The historic Owen Theatre in downtown Seymour has closed its doors.
Hopefully, only for a couple of months because of the national COVID-19 pandemic.
Dan Wehmer, president of the Seymour Area Arts Council, which owns the venue on the south side of the Seymour square, announced Monday that all of the Owen’s shows for March and April had been postponed.
The council’s board met last Friday for an emergency meeting and determined to cancel several shows, including concerts by “Turnbo Creek” this Saturday, Lulu Roman on April 3 and Randle Chowning on April 18.
Roman’s gospel concert has a new date of Saturday, July 18.
Tickets sold in advance for Roman’s concert will be good for the July concert. Wehmer said new tickets won’t be printed; Owen officials will just use the old ones for the new date.
Make-up dates for Turnbo Creek and Randle Chowning haven’t yet been set.

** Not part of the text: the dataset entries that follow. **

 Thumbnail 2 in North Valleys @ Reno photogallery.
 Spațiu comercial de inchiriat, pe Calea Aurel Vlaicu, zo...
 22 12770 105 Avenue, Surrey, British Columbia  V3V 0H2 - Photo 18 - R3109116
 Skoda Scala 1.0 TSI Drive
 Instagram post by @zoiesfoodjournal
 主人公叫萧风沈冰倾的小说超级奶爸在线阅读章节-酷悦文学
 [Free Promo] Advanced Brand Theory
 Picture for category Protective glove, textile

“Right now, we’re hesitant to do that because of the national pandemic with COVID-19,” Wehmer said.
“We really don’t know when it will be safe to assemble people in large numbers for a concert, but we felt the July date was safe for the Lulu Roman show.”
Wehmer added that it’s “very likely” a pair of concerts set for May will be postponed.

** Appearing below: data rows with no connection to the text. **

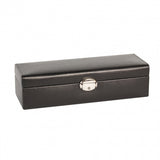 Coffret de montre:  6 montres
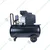 Pilot 60L Tank, 3.5 HP Motor Direct Driven Air Compressor (PL-60)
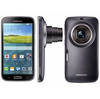 Samsung Galaxy K Zoom (C115) Samsung Galaxy K Zoom (C115)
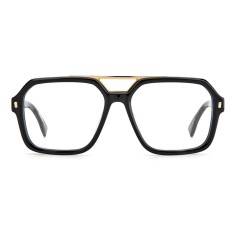 Dsquared2 D2 0035 2M2 2
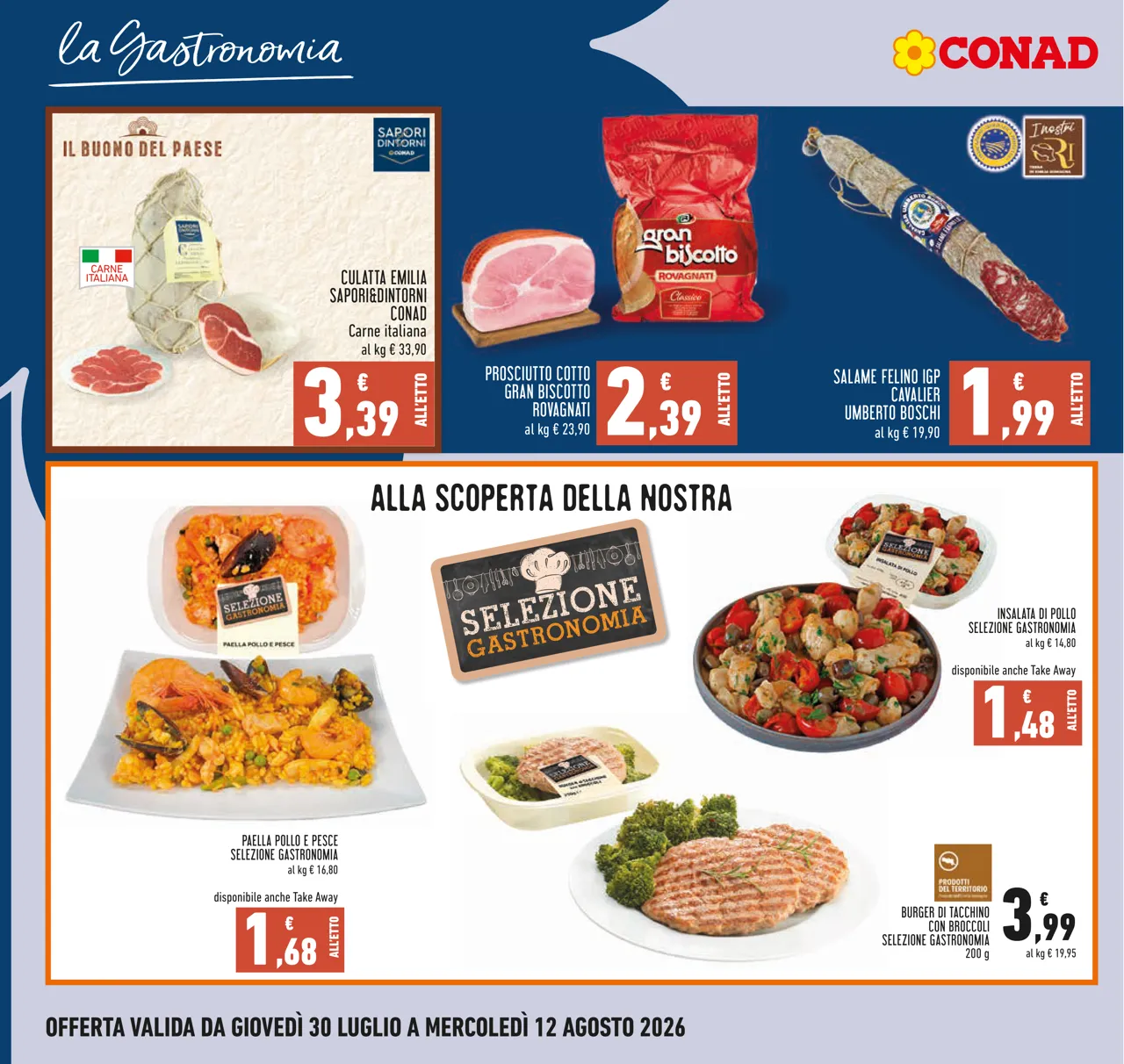 Pagina 12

“I’m not optimistic that we’ll be able to hold our May events,” he said. “In fact, we’ll be in contact this week with both of those performers to discuss alternatives.”
In concert on May 2 is “Creek Rocks,” featuring Mark and Cindy Bilyeu.
“They opened the Owen for us as our first concert in the spring of 2018,” Wehmer said. “We really want to have them back almost exactly two years and 40 concerts later, but I really feel this concert will have to be postponed and that the first chance we’ll have this year to bring concerts back to the Owen won’t arrive until June or even later.”
He said the Owen was off to its best start in its third year.
Through four concerts, the average crowd was 103 in the venue that has 138 seats.
Net profit at that quartet of concerts was nearly $4,500, Owen officials said.
“For us, the coronavirus has been devastating,” Wehmer said. “We had a lot of momentum and our best lineup of performers ever. Enthusiasm has built with each show.
“Then came a national tragedy that’s much bigger than the Owen Theatre.”